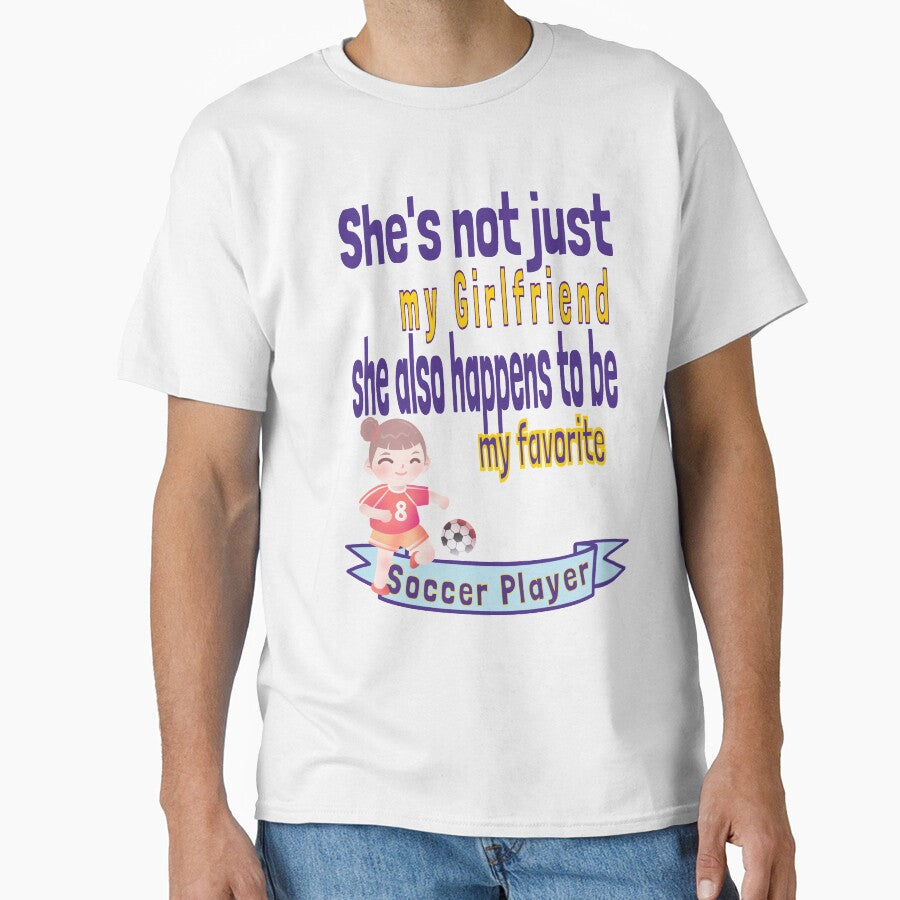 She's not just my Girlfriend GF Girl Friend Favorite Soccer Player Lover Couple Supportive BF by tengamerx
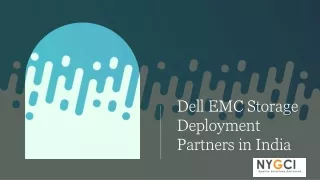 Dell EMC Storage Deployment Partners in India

* * * * *

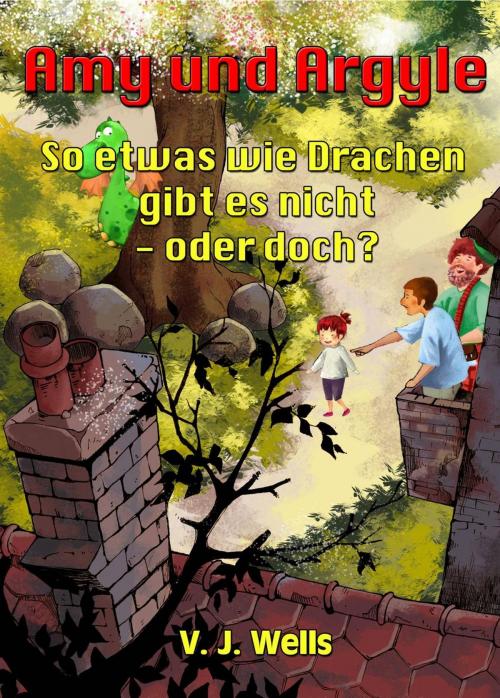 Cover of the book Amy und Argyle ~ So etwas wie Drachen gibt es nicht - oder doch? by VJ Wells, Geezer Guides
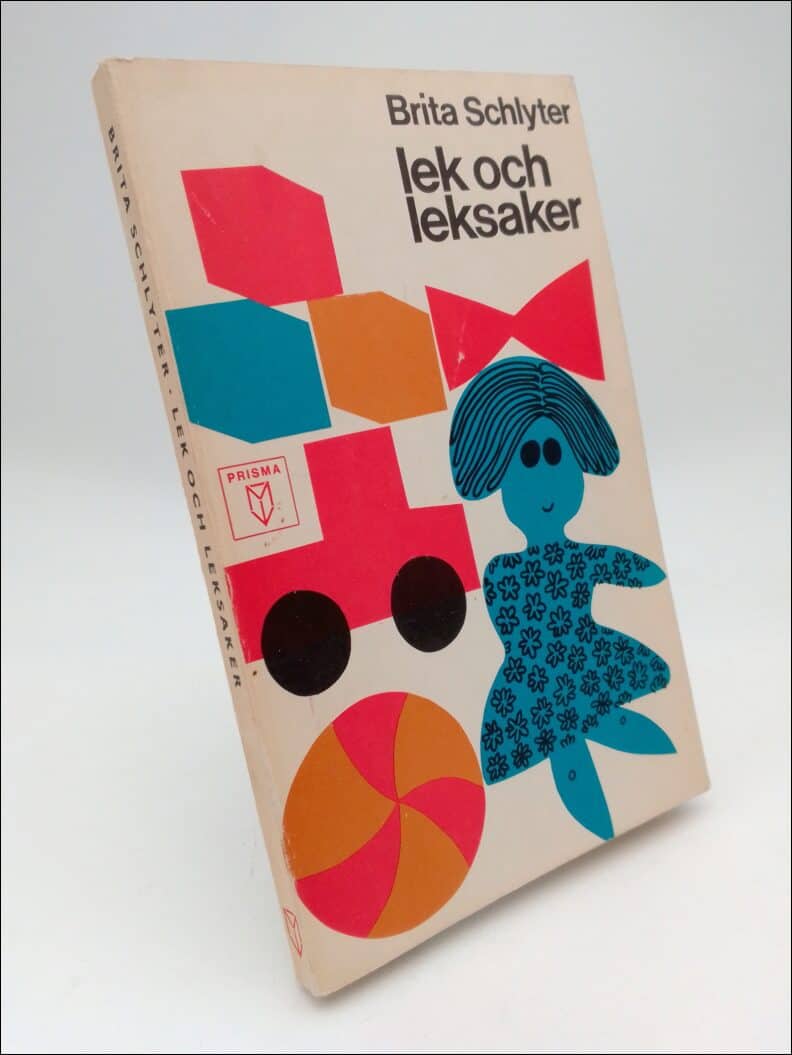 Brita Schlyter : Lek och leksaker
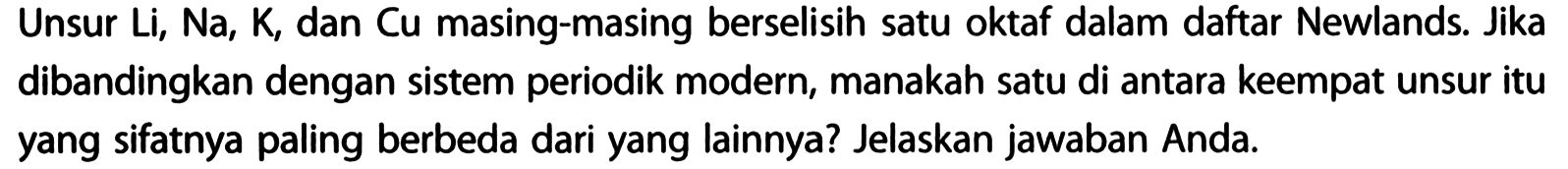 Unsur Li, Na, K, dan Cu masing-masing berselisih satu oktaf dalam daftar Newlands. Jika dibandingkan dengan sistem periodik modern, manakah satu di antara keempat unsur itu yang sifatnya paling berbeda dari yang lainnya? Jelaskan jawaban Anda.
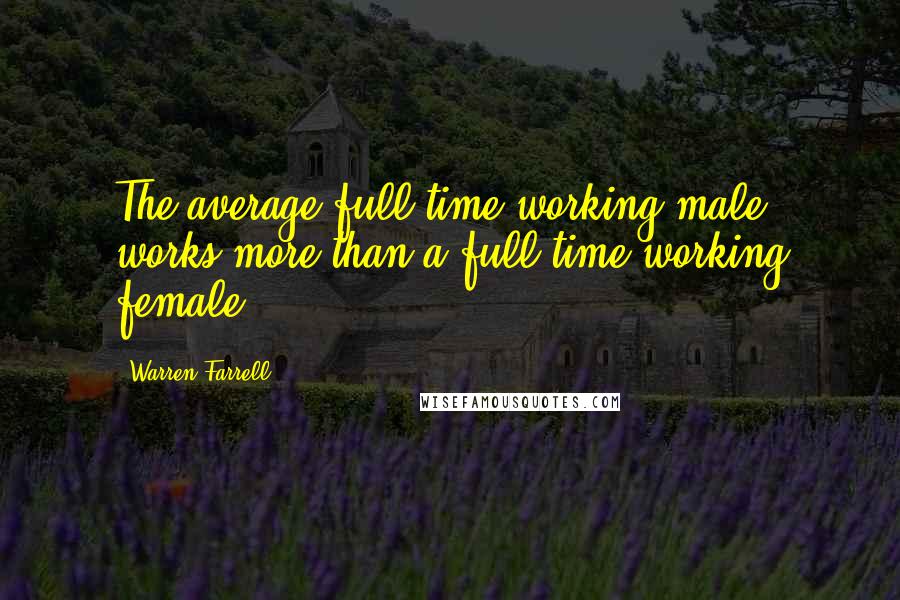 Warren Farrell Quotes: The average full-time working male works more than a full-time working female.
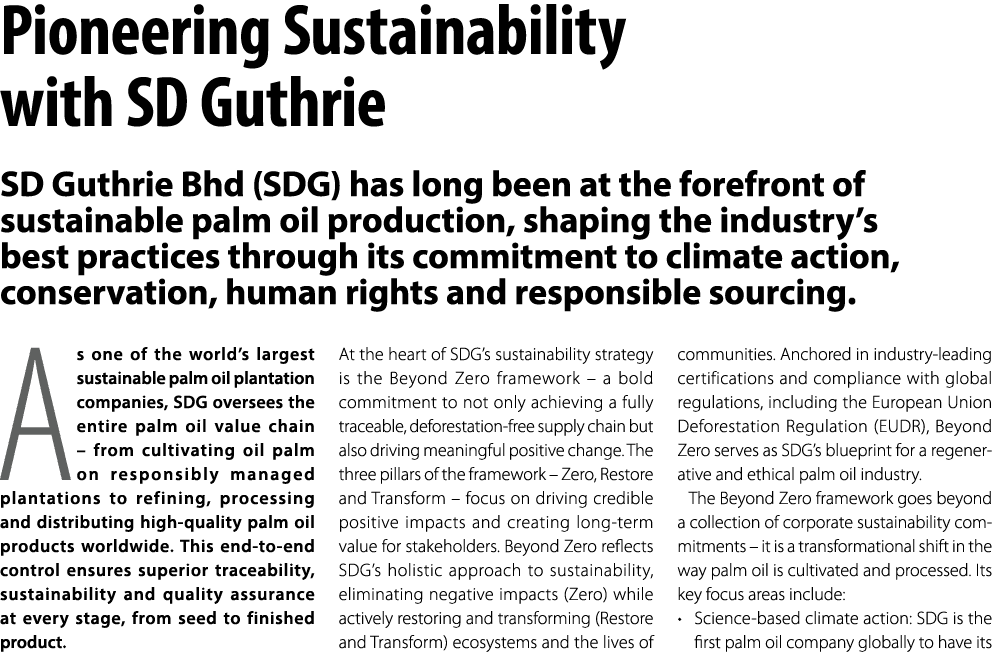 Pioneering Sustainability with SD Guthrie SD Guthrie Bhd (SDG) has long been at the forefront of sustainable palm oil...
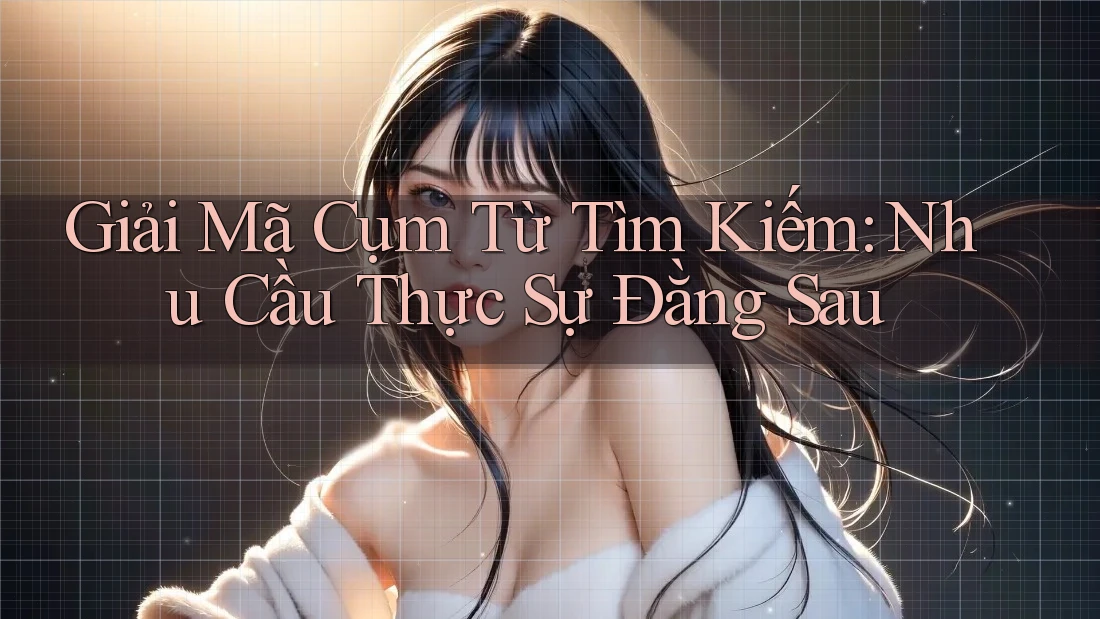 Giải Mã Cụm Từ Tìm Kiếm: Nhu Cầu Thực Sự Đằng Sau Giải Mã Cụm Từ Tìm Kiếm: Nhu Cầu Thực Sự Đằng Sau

* * * * *

WORK TO COMPLETE
Leaving out each picture, repeat exactly the lines above from the one that contains "Brita Schlyter : Lek och leksaker" through the one that contains "Đằng Sau Giải".

OUTPUT
 Brita Schlyter : Lek och leksaker
 Unsur Li, Na, K, dan Cu masing-masing berselisih satu oktaf dalam daftar Newlands. Jika dibandingkan dengan sistem periodik modern, manakah satu di antara keempat unsur itu yang sifatnya paling berbeda dari yang lainnya? Jelaskan jawaban Anda.
 Warren Farrell Quotes: The average full-time working male works more than a full-time working female.
 Pioneering Sustainability with SD Guthrie SD Guthrie Bhd (SDG) has long been at the forefront of sustainable palm oil...
 Giải Mã Cụm Từ Tìm Kiếm: Nhu Cầu Thực Sự Đằng Sau Giải Mã Cụm Từ Tìm Kiếm: Nhu Cầu Thực Sự Đằng Sau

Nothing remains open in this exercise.